Q: When the program was frozen, how far away was the plant from being capable of producing enriched weapons grade material?

A: Well, we believe it may have produced some --

Q: So it's already done it?

A: -- a very small amount before it was frozen. That was why it was so crucial to get the plant frozen. Remember, they wanted to throw out the IAEA inspectors and break from that inspection regime. The IAEA inspectors have been at that closed plant since -- or they've been inspecting it regularly since it was closed down.

Q: Ken, the South Korean Foreign Ministry said that the United States had turned over -- they said publicly, on the record, the United States had turned over satellite photographs of this digging in South Korea now Pyong yang. While I understand your reluctance to comment on intelligence -- I mean, you can't at least confirm that there are indications that digging is going on by whatever method you've found out?

A: I'm shocked that the South Korean Foreign Minister didn't get our guidance, which was not to comment on intelligence reports.(Laughter)

Q: On the photographs, you mean?

A: I said that he apparently didn't get our guidance, but I got it and I'm not commenting.

Q: Change of subject?

A: Sure.

Q: How about the Medal of Honor for Michael Blassie? Has any decision been made on that, on the family's request that the Medal of Honor be given to him when it was originally going to Unknown Soldier?

A: I don't think that a final decision has been sent to the family yet. We have -- the Air Force has looked into that. I think we've made it pretty clear that our view is that the Medal of Honor was symbolic. It went to the tomb as a symbol for all those missing in action. But the Air Force is looking into this and I suspect that we will convey the final decision, when that's made, relatively soon, to the Blassie family.

Q: It's not the Air Force's decision to make is it on whether or not --

A: But the Air Force was assigned the job of coming up with an answer. They're in the process of doing that. And when the decision is made, it will go through the proper channels and be conveyed to the Blassie family.

Q: On another subject -- on Albania. Can you explain what the reason was for reducing U.S. participation in that exercise in Albania? And isn't there a risk that in doing so that will send a message to Milosevic of sort of a shaky resolve there?

A: Well, my understanding is that the SAIPAN was supposed to participate in the exercise. But the SAIPAN was diverted to Africa, to the Democratic Republic of the Congo. Since then she's been called back. But the SAIPAN and one other ship was diverted down there. And as a result, those Marines were pulled out of the exercise.

My understanding is that there are 650 Americans participating in the exercise, which is a pretty robust participation. And those participants include a Marine rifle company, 200 people ashore, as part of a Marine rifle company. There's also an engineering platoon working on a school and some other humanitarian repairs that are being done as part of the exercise. So I think there's adequate -- even robust -- U.S. participation in this exercise. And the only change of signals, I understand, came about because the Saipan was diverted.

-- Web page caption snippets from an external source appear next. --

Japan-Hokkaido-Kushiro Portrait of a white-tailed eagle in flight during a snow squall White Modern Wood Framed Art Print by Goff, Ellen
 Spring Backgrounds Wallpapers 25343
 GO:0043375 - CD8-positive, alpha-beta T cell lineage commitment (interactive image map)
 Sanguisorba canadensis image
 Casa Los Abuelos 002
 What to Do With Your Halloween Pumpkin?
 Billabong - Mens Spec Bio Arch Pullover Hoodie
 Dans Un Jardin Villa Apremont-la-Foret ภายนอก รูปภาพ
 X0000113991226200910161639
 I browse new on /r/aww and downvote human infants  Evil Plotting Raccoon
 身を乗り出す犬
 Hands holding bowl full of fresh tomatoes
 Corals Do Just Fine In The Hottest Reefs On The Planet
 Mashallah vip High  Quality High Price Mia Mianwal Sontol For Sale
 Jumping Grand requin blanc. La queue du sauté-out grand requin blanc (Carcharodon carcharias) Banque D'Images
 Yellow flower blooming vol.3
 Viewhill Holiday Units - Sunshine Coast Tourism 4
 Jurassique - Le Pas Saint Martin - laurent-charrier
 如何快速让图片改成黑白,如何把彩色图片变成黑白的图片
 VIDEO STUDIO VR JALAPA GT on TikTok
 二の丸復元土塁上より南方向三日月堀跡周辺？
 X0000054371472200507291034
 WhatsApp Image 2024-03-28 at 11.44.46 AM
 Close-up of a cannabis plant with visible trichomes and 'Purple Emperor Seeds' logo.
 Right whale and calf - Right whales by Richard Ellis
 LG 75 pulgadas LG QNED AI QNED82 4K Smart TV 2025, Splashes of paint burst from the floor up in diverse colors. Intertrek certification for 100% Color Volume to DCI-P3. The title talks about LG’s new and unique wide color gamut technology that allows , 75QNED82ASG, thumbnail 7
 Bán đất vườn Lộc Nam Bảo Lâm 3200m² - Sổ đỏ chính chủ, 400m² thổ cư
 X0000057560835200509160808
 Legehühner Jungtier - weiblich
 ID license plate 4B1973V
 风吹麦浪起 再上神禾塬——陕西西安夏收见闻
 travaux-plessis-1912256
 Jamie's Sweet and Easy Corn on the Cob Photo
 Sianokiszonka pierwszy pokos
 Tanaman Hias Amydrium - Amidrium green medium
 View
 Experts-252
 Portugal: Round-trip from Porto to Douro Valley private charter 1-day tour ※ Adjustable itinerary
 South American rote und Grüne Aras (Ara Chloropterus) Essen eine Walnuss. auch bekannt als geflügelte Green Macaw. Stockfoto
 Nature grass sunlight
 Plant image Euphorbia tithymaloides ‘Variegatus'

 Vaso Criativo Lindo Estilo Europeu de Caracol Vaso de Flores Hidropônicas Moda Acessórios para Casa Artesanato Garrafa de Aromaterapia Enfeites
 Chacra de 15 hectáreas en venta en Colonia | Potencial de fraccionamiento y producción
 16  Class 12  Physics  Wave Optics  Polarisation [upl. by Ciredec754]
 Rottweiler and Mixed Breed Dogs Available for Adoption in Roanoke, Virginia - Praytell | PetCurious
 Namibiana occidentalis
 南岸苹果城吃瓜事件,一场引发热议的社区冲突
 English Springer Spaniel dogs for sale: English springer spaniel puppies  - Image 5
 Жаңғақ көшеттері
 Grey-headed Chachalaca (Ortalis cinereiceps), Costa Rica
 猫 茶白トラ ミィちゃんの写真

Q: But we are going to now participate?

A: No.

Q: Or is just --

A: Well, there is one ship from the Amphibious Ready Group[ARG} that's participating, but the Saipan won't make it back into the exercise. She never got to Africa. As you know she was pulled back after the Americans left on commercial air. But she won't make it back to Albania in time to participate in the exercise. The exercise started yesterday -- the 17th -- and it will run through the 22nd.

Q: Is there a concern though about threat of terrorist attacks against those troops there?

A: We're always concerned about possible terrorism, but force protection is an important part of this exercise. It's an important part of all our deployments. And I'm sure that the troops in Albania have taken precautions against possible attacks.

Q: But you think that had nothing to do with cutting the number of troops? Fear of possible retaliation --

A: Right, I told you that the number of troops was cut because the --

Q: Understand.

A: -- ship was diverted to a possible neo-operation in Africa, but the neo-operation never took place because the people got out. Despite that, the Saipan won't be able to make it to Albania in time for the exercise.

So actually there's -- no, this exercise, COOPERATIVE ASSEMBLY, has its own web page. And if you want to read the details of the exercise, I commend the Web page to your attention. You can bone up on all of the details, including a map. They've run a map here that we've downloaded for you if you want to look it from the web page. And here is a copy of the front page of the web page for COOPERATIVE ASSEMBLY '98.

Q: Yes. ADM Daniel Murphy stated in Washington Post that the Sixth Fleet (inaudible) will intervene (inaudible) Albania in Cyprus prepare for intervention, but hoping that presence of U.S. cruisers and destroyers will be sufficient to the (inaudible). And he said specifically, we basically tell these people that we are watching you and (inaudible) responsible for starting any conflict and can have a very certain effect just to have the U.S. standing by on the scene as an inter-(inaudible) to prevent this situation from spinning out of control. And for the Aegean -- says that in the Aegean Sea, Turkey and Greece are fighting over the sovereignty of several islands, including Cyprus.

Do these statements represent Department of Defense policy vis-a-vis to Cyprus and the Aegean Sea?

A: Well, first of all, let me be clear what our policy is. Our policy for both Cyprus and the Aegean Sea is that any disputes there will be resolved peacefully. And we've been in the forefront of trying to work for peaceful resolution of those disputes and we hope that Greece and Turkey will work with us for peaceful resolution of those disputes.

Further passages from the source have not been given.